17

I'm a newbie in RxSwift and need a very basic help.
Assump that I have an Observable and subscribe it like this.

 let source: Observable<Void> = Observable.create { [weak self] observer in

        guard let _ = self else {
            observer.on(.Completed)
            return NopDisposable.instance
        }

        observer.on(.Next())

        return AnonymousDisposable {

        }
    }

And the subscribe like this:

 source.subscribeNext { () -> Void in

    }

The question is: how can I emit the event to subscribeNext manually every time I need. This is like rx_tap behavior on UIButton.
I see in the example code has something like this source = button.rx_tap.asObservale().
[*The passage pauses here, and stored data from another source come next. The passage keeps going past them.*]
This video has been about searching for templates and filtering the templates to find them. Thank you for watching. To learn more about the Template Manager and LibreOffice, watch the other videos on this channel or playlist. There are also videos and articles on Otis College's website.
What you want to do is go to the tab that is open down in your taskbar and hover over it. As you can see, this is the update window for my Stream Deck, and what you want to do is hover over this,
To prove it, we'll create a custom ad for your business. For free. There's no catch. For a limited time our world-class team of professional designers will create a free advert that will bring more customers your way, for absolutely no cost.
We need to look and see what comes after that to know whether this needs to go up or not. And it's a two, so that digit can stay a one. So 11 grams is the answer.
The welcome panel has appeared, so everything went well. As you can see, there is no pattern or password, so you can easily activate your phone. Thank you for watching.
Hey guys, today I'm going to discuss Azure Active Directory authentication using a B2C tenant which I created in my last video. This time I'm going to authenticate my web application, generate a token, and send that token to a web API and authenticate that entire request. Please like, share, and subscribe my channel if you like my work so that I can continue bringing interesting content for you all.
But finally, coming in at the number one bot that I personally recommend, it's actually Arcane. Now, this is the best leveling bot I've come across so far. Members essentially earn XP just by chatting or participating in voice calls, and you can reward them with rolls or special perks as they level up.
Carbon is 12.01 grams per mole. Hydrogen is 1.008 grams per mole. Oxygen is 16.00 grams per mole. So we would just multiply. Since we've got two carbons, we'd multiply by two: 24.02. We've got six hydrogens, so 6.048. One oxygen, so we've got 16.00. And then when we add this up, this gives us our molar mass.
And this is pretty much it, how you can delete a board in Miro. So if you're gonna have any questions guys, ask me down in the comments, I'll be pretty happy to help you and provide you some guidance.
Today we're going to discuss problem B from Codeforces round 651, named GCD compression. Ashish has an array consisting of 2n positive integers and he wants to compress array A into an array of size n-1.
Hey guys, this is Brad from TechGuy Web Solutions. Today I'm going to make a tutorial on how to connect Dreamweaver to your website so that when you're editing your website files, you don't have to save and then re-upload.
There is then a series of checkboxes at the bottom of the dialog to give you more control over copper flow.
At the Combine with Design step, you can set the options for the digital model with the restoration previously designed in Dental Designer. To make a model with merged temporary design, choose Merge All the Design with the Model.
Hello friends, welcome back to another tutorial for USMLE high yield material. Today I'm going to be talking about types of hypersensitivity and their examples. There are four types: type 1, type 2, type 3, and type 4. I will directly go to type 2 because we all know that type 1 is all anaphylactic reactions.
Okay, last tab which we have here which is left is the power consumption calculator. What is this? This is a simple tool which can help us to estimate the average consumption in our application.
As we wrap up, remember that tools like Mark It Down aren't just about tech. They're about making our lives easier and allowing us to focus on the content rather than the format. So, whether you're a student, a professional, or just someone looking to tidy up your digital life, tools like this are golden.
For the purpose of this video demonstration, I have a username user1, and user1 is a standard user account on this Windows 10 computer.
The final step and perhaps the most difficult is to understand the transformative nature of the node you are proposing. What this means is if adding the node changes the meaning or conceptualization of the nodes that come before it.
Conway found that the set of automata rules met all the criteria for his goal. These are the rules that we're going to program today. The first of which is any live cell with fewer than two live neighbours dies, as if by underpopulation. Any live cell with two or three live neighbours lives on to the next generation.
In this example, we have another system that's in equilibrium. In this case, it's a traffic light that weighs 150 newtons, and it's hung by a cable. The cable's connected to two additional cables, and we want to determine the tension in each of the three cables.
After that, every time user tap to button, there will emit an event and trigger on subscribeNext(). I also want to have that behavior but in programmatically, not from UI event.

dummy307
  • 193
  • 1
  • 2
  • 6

2 Answers2

19

Most of the time, you can compose your observable and the solution I'm about to give is not the recommended way to do Rx code.

You can look at Subject to implement the behavior you request. There are multiple variations on subject, that the documentation explains well.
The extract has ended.